When it comes to the history of Trenton, few can claim to have seen as much of it first-hand as Dominic Angelo.
Born in Sault Ste. Marie to Italian immigrants, Angelo first came to Trenton when he was only three years. His parents bought a small house on Water Street in 1916.
“We only lived there for a month-and-a-half or two and the damn thing caught fire,” said Angelo who celebrates his 105th birthday today.
Angelo and family lived with a neighbour until they rebuilt — a two-room shack on the original property. Eight years later that was replaced with a bungalow which stands there to this day.
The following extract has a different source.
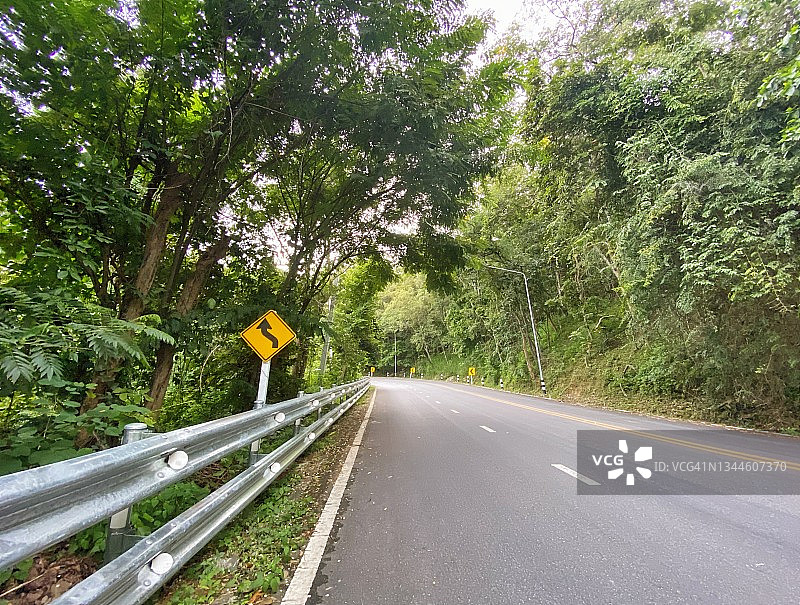 通往泰国清迈素贴山的道路图片素材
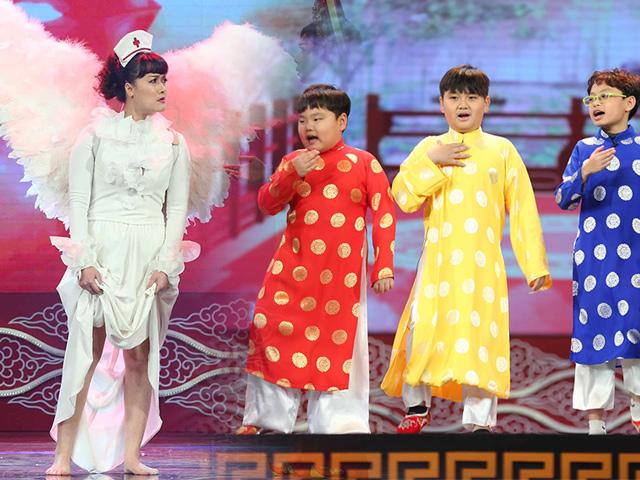 2 con Xuân Bắc diễn Táo Quân, xiêm y của Vân Dung và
Angelo lived in Trenton for most of his long life, moving to Belleville in the last year to stay with his son, Joe.
“When I first moved to Trenton there was just a little street where my dad’s house was,” recalled Angelo. “Now it’s two lanes, a main highway.”
Sitting in his son’s living room, Angelo was quick to laugh and even quicker to recount stories from his youth.
One of Angelo’s earliest members is the explosion of a munitions plant in 1918.
The British Chemical Company Plant was built in 1915 to manufacture artillery, rifle, and small-arms ammunition. Three weeks before the Armistice, an explosion levelled the plant which stood on the site of the old Gilmour Company saw mill.
Even at just five years old, Angelo said he remembers the explosion which rocked the small community nearly 100 years ago.
“We left town,” he recalled with a laugh. “Everybody left town.”
He was at the wake of a neighbour when the sound of the exploding plant ripped through the air.
“When that happened, everything was left, the body was left right there, we all took off.”
Angelo and family spent overnight at a flour mill on Wooler Road.
“We came back the next morning. Next morning there was another big explosion so my dad says ‘Let’s get out of here’ and we went to Belleville,” he said, adding they stayed in Belleville for two days before deciding it was safe to return.
Angelo was in his early teens when construction first started on CFB Trenton.
“It had just started, then the depression hit,” he recalled. “Everybody was out of work so what the government did was they started a program of rebuilding. Anybody that was out of work could come there and get jobs.
“They gave them their clothes, they gave them their shoes, they gave them their meals and they gave them a dollar a day.”
Angelo made his living as a machinist, making munitions and aircraft parts for Bata engineering where he worked — starting out in a temporary building in Frankford before moving into the newly-built main plant in the late 1930s — until he retired when he was in his 50s.
Angelo said he’s looking forward to spending his birthday surrounded by family — including his six children.
“They’ll all be here,” he said. “Some of them live out of town, but they’ll be here.”